DATA FOR REVIEW.
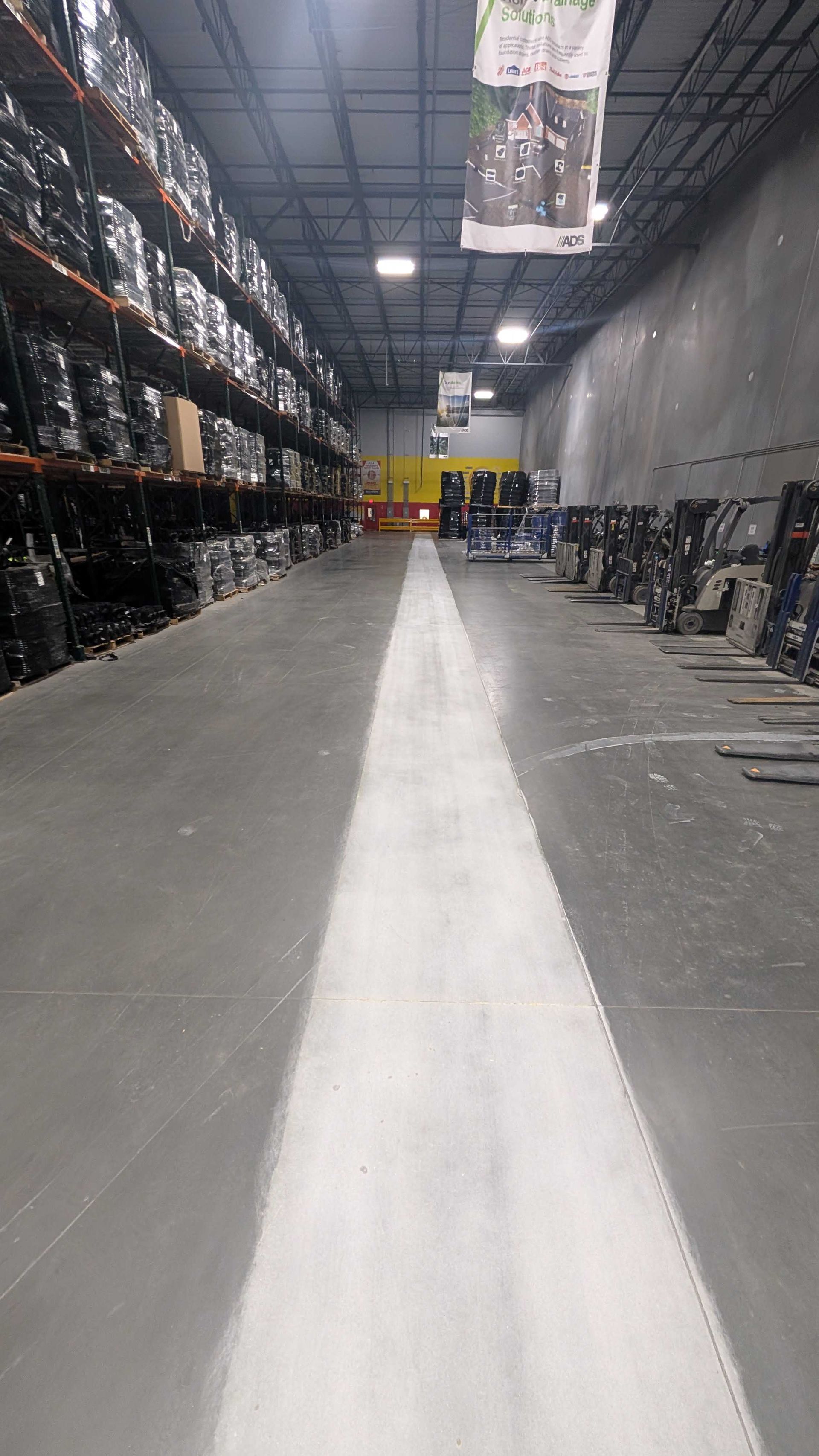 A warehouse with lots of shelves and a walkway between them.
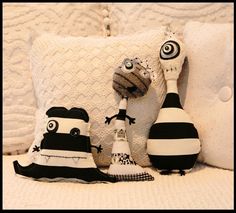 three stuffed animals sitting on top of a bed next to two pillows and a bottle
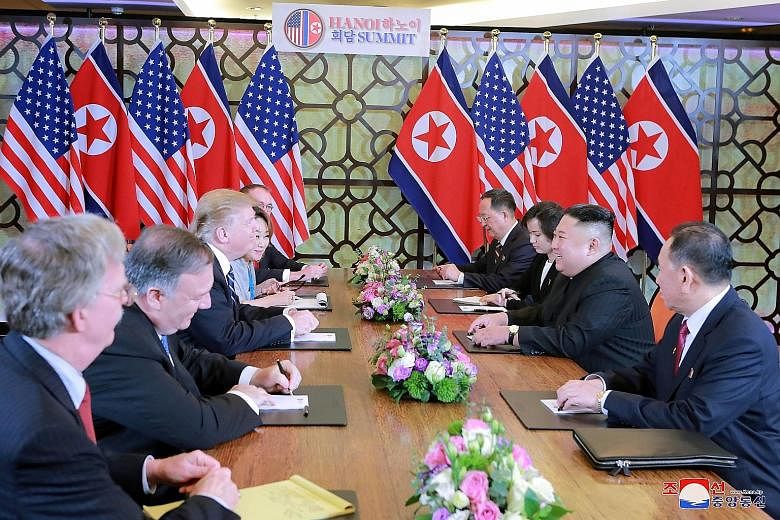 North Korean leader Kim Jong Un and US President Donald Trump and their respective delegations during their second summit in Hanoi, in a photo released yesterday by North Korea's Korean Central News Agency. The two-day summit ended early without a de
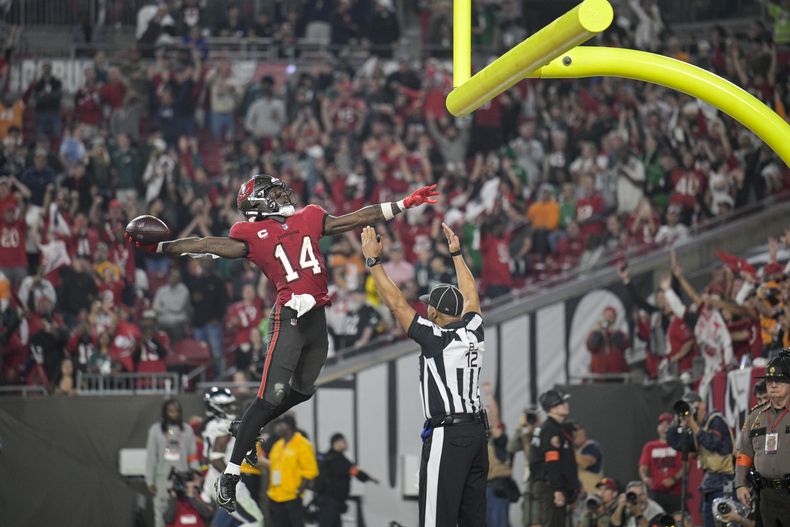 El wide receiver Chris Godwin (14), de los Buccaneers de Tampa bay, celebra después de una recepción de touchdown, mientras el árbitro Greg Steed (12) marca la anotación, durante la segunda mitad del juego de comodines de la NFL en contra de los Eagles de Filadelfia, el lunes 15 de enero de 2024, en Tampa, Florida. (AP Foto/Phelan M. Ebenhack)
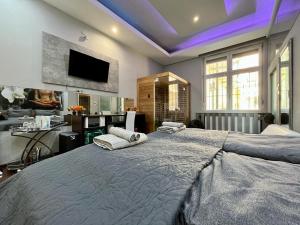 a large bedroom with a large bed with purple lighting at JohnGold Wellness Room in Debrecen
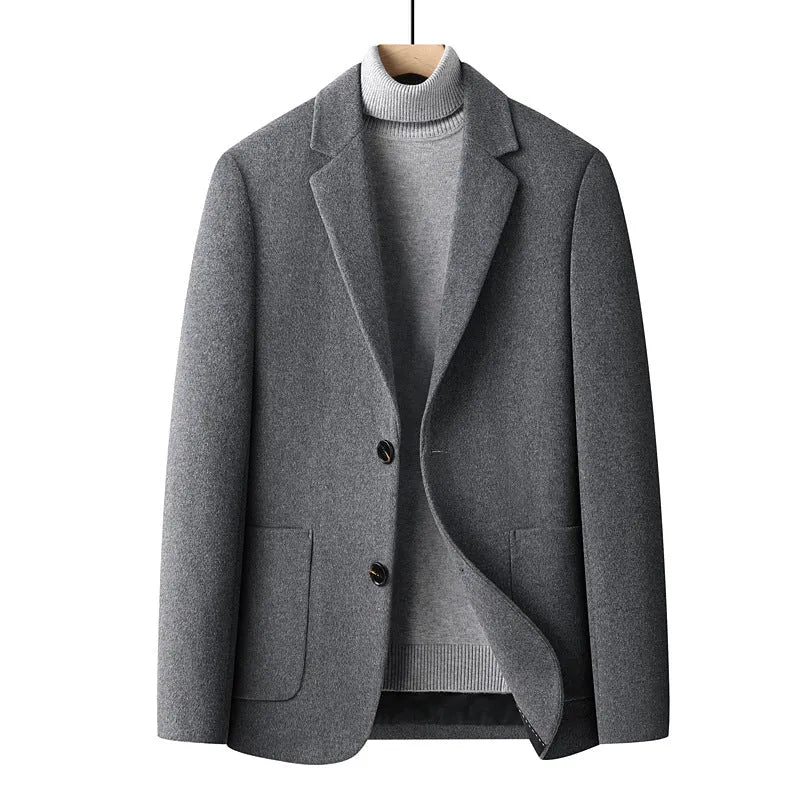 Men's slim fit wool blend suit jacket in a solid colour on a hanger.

WHAT YOU WILL DO.
In the copy, include exactly the lines from the one with "three stuffed animals" through the final line of the entries above, both ends counted, and no pictures.

COMPLETED TASK.
 three stuffed animals sitting on top of a bed next to two pillows and a bottle
 North Korean leader Kim Jong Un and US President Donald Trump and their respective delegations during their second summit in Hanoi, in a photo released yesterday by North Korea's Korean Central News Agency. The two-day summit ended early without a de
 El wide receiver Chris Godwin (14), de los Buccaneers de Tampa bay, celebra después de una recepción de touchdown, mientras el árbitro Greg Steed (12) marca la anotación, durante la segunda mitad del juego de comodines de la NFL en contra de los Eagles de Filadelfia, el lunes 15 de enero de 2024, en Tampa, Florida. (AP Foto/Phelan M. Ebenhack)
 a large bedroom with a large bed with purple lighting at JohnGold Wellness Room in Debrecen
 Men's slim fit wool blend suit jacket in a solid colour on a hanger.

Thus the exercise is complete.